Most immediately affected are the leading Democrats who supported U.S. action — Sens. John F. Kerry of Massachusetts, John Edwards of North Carolina and Joe Lieberman of Connecticut and Rep. Richard A. Gephardt of Missouri. All are facing scorn from an antiwar left that sees their enlistment not only as a policy mistake but a character flaw. Except for Lieberman, who many believe was operating on ideological conviction, the verdict at Dean's Austin fund-raiser was that the Democratic contenders who voted for the war knew it was misguided but supported Bush because they believed it would inoculate them in a general election.
"I think the war right now is a total negative for anyone who was for it," says a senior strategist for one of the Democrats who backed Bush. "And the only thing that changes that is conditions improving on the ground in Iraq. If things continue to deteriorate, we are swimming upstream."
The force of that current has encouraged all the Democrats to more harshly criticize Bush's handling of the prewar intelligence and postwar reconstruction. In that way, Dean's rise guarantees Bush will face a more aggressive critique of the way he has managed the war and, especially, its aftermath, no matter who wins the Democratic race. After the grass-roots outpouring for Dean, no Democratic nominee can afford to submerge the issue as the party did in the 2002 midterm elections; Bush will have to work to defend his decisions.
But the war may create the greatest challenge for Dean himself. It has provided the foundation of his campaign; it might also impose the ceiling. While most Democrats now consider the war a mistake, 60% of independents in last week's Gallup Poll said it was the right decision. Those are voters Dean will need if he makes it to a general election. And while opposition to the war benefits Dean among Democrats overall, recent polls suggest it could still be a problem for him in more conservative states that vote early in the primary season, such as South Carolina.

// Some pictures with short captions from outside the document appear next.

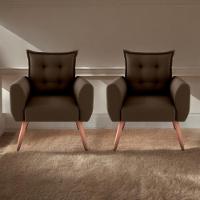 Conjunto De Poltronas Decorativas Atlas Suede Marrom - 1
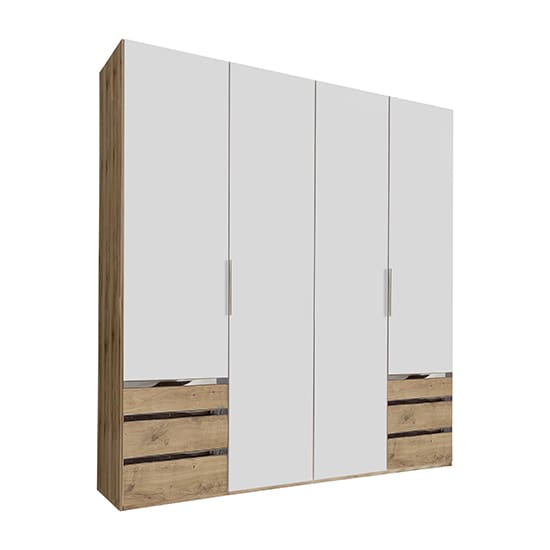 alkes wooden 4 doors wardrobe white planked oak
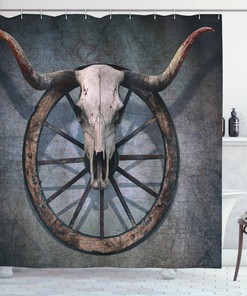 Wagon Wheel Skull Print Shower Curtain - Bathroom Curtain Decor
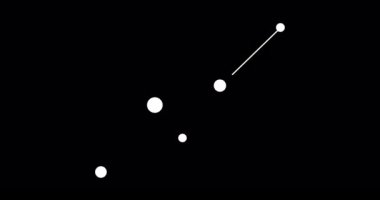 Leo Minor takımyıldızı. Gece gökyüzünde yıldızlar. Takımyıldızı siyah-beyaz olarak çizilmiş sanat tarzında. Yıldızlar ve galaksiler kümesi. Yatay bileşim, 4k video kalitesi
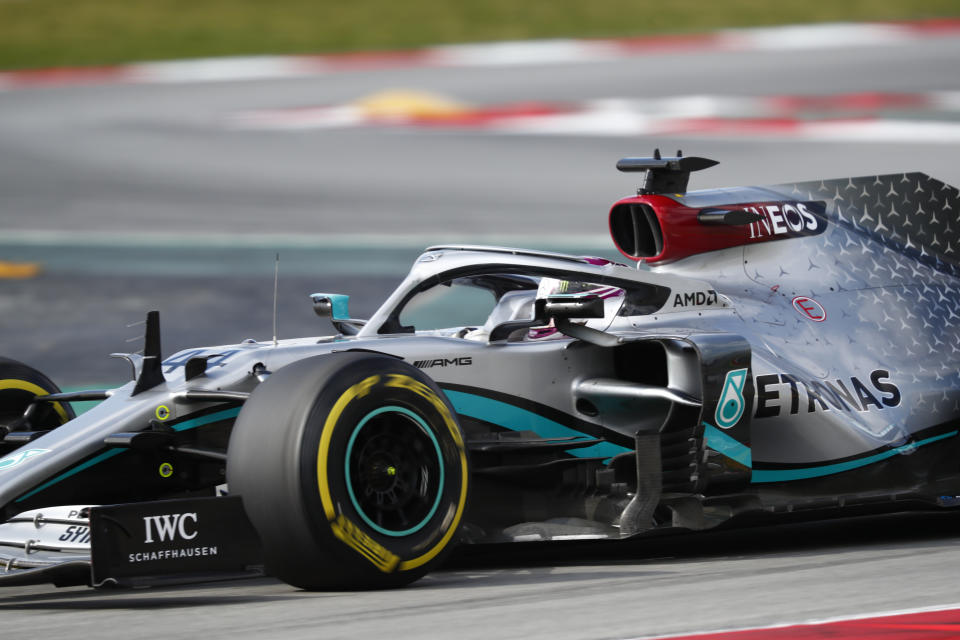 Mercedes driver Lewis Hamilton of Britain steers his car during the Formula One pre-season testing session at the Barcelona Catalunya racetrack in Montmelo, outside Barcelona, Spain, Friday, Feb. 28, 2020. (AP Photo/Joan Monfort)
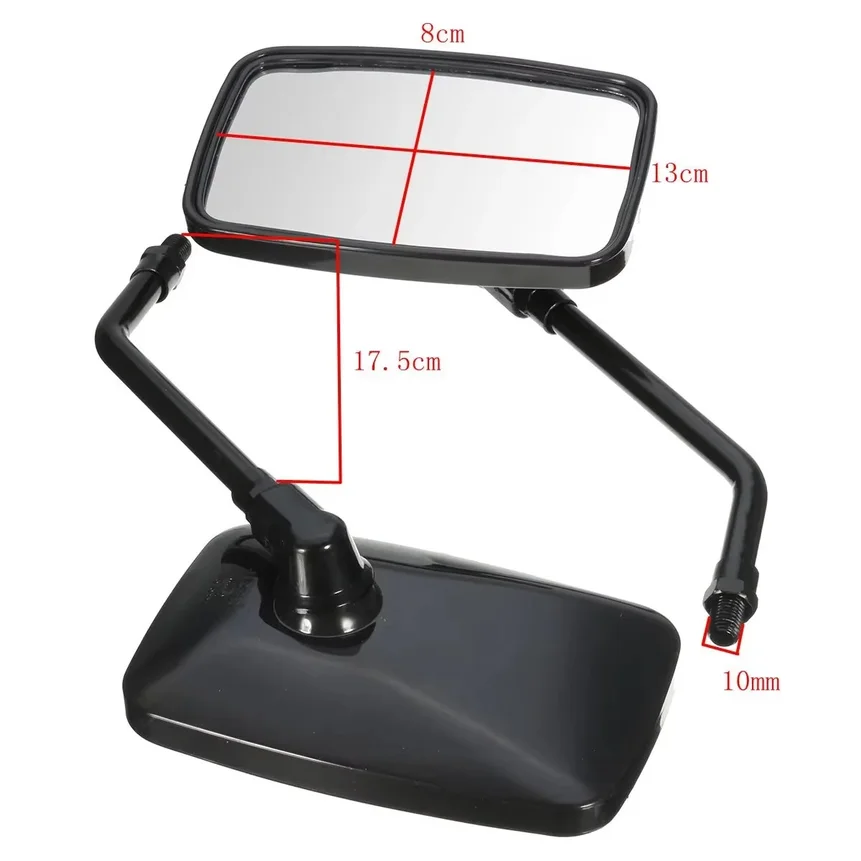 Pair 10MM Universal Motorcycle Rear View Mirrors Thread Black Rectangle Rearview Side Mirrors For Motorcycle Scooter ATV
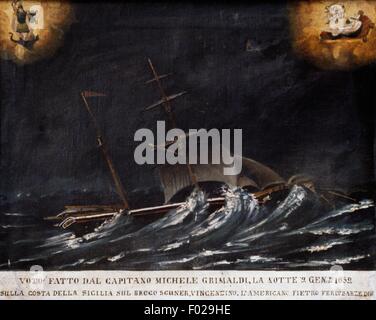 Sailing ship on a stormy sea, seafaring ex voto, Italy.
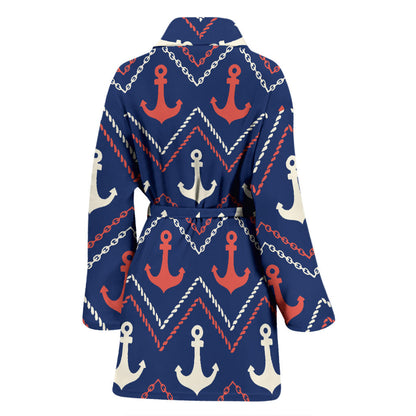 Anchor Pattern Print Design 07 Women Bathrobe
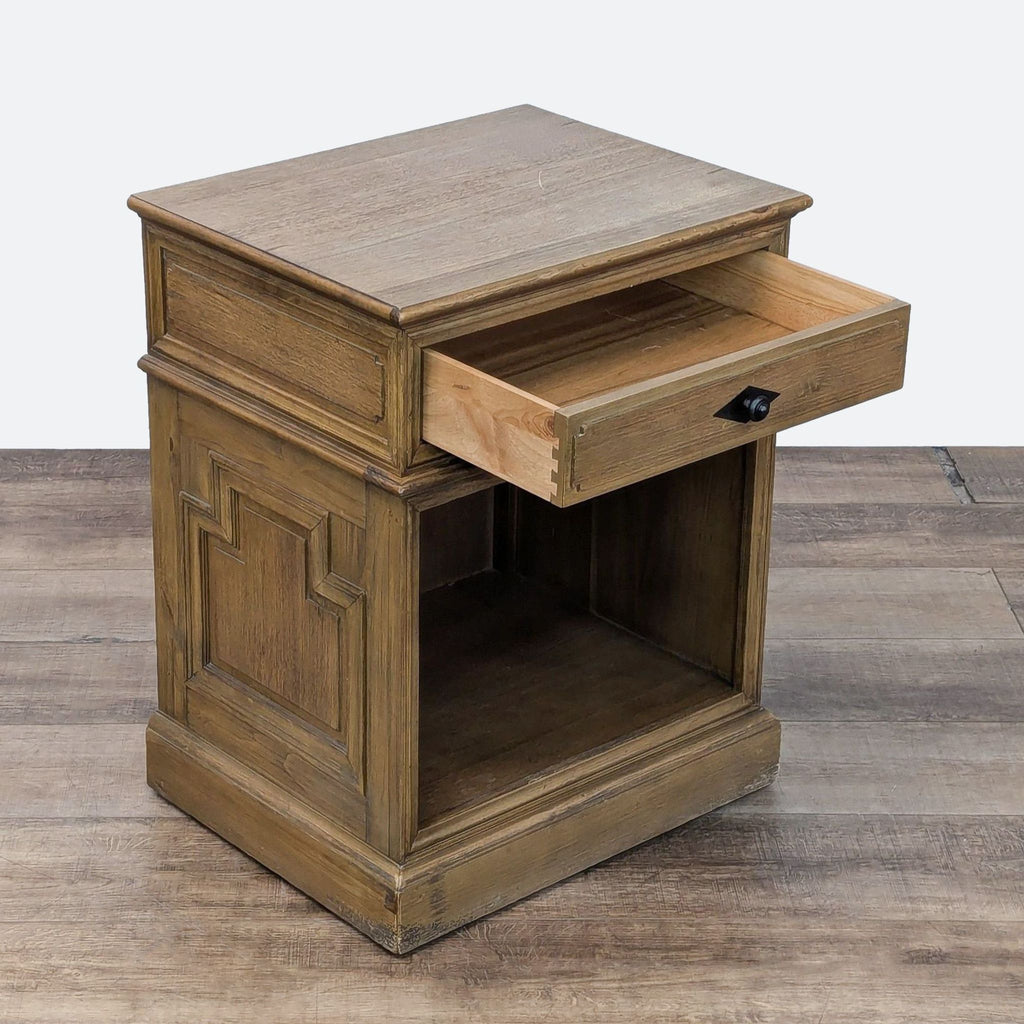 a wooden table with a wooden box on top of it 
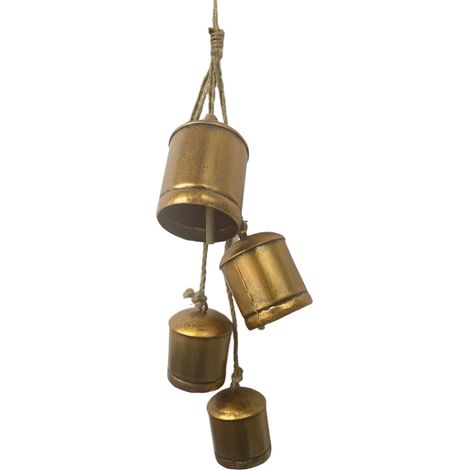 Cloche de Vache Métal Vintage, Pendentif Rustique doré Ornement Noël Déco Maison, 1 Guirlande 36x12cm (1/5)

For Dean, the critical question is whether he can maintain the passionate enthusiasm of his antiwar foot soldiers while convincing more moderate voters, even in the primary, that he can be trusted with the nation's security. Tellingly, Dean reminds voters in his stump speech that he supported the first Gulf War and the toppling of the Taliban in Afghanistan.
Yet conviction and political necessity virtually ensure that Dean will continue to stress his opposition to the war in Iraq. The biggest applause in his speech still comes when he reminds audiences he was the only leading Democratic contender who opposed the war, and aides say that if nominated, he is committed to arguing that Iraq was the wrong war at the wrong time.
Republicans believe that's an argument Dean ultimately can't win. Many Democratic strategists privately agree. But a party rank and file eager to hear that case made against Bush is propelling Dean to the front of the Democratic field — and the war in Iraq back to the center of campaign 2004.